終わったような終わってないような終わり方。今後の伏線となる話になりそうです。古泉がしゃべりすぎだと思います(笑)。鶴屋さんがニュータイプであることも露見しました(笑)。
俺は思う。無理して寝かしつける必要はない。たとえそれで楽しい夢を見たとしても、しょせんは夢だ。大切なのは今ここに俺たちがこうしているということなのさ。いくら夢みたいな舞台で夢みたいな大活躍をしてたとしても、目覚めと共に強制終了される幻なんかに意味はない。解ってはいるんだ―。この一連のキョンの独白はダブルミーニングですよね。字義通り眠ることによって見る「夢」の無意味さと、キョンが今いる世界ではない「書き換えられた世界」=「夢」の無意味さです。

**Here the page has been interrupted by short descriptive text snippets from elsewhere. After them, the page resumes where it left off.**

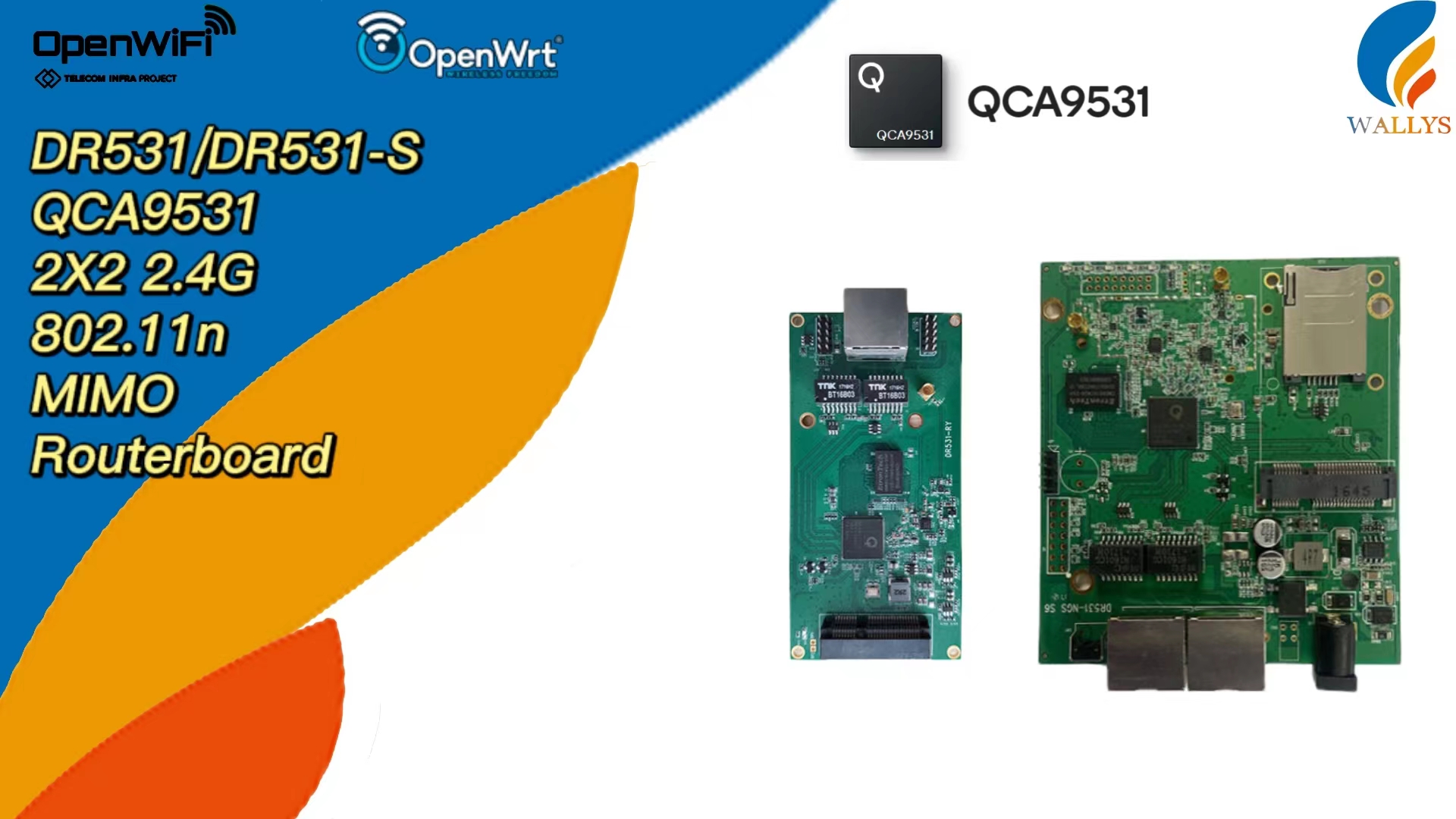 DR531|QCA9531|802.11n 2X2 2.4G MIMO Wi-Fi Module_ci_02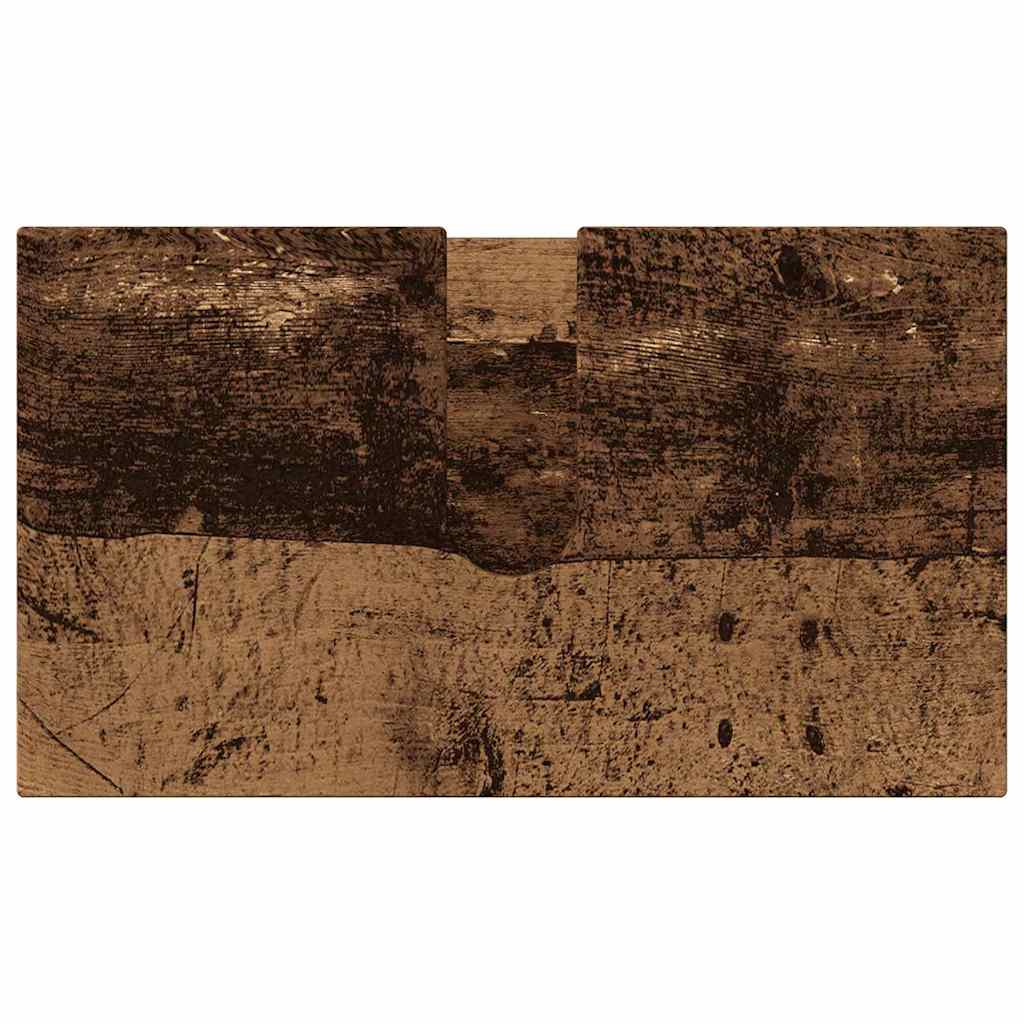Baderomsinnredningssett 3 stk. Gamle tre 61 x 35 x 64 cm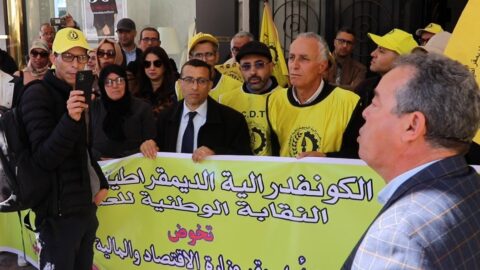 كتاب الضبط يواصلون الإضراب “ضد ضبابية وزارة العدل”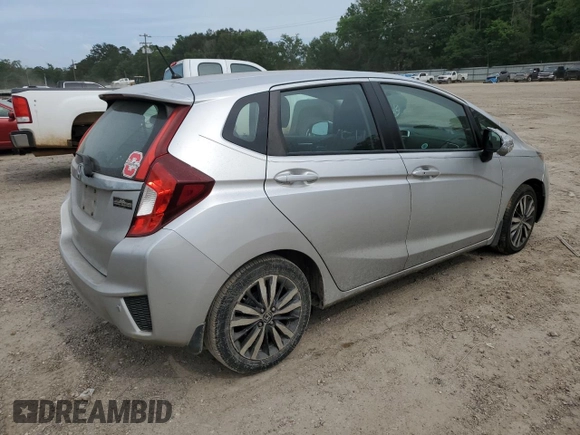 2015 Honda Fit EX-L with VIN 3HGGK5H81FM710337, listed as a Copart auction lot 54482965 with 111,433 mi miles and Salvage Title. Bid and sale history available at DreamBid. Image 3.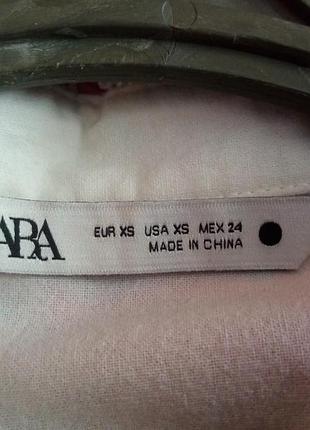 Блузка zara 8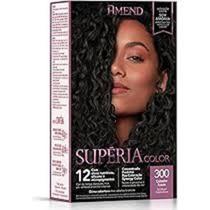 Amend Tonalizante Kit Superia Color 300 Castanho Escuro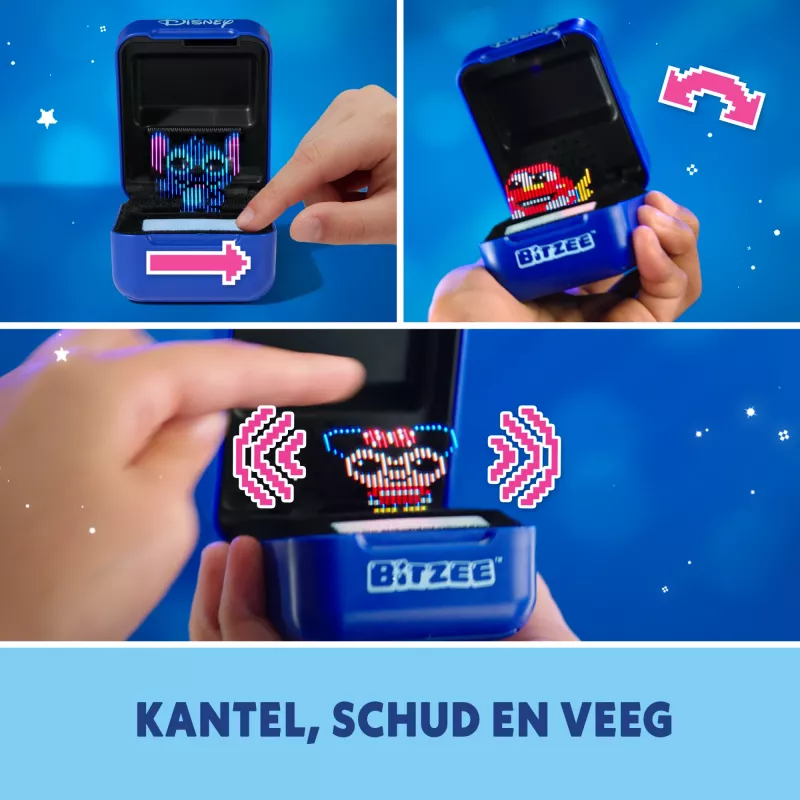 Bitzee Disney žaislas mėlynas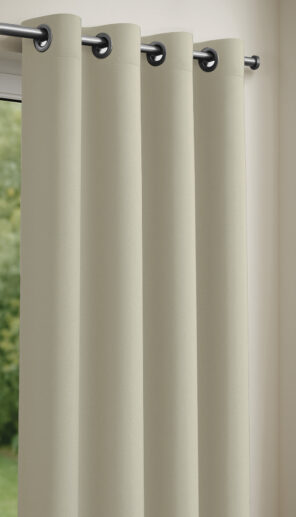 Rideau obscurcissant 135 x 240 cm Ficelle
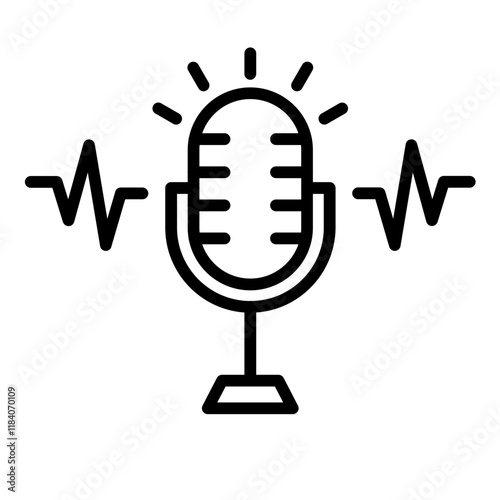 Speech Recognition Icon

キョンは時系列上における『消失』以降、今の世界を守るべきものとする態度を(独白上)明確にしてきています。古泉も機関の一員である前にSOS団副団長であると明言するし、前出の通り長門さんは統合思念体から離れていこうとしている(らしい)し、SOS団としての仲間意識が芽生えはじめているようです。
恐らく、ハルヒが望んでいるからそういう風に変容しているという運命論的側面と、各人各様の能動的な意識変化という主体性の2つが、相互補完的に働いているのでしょう。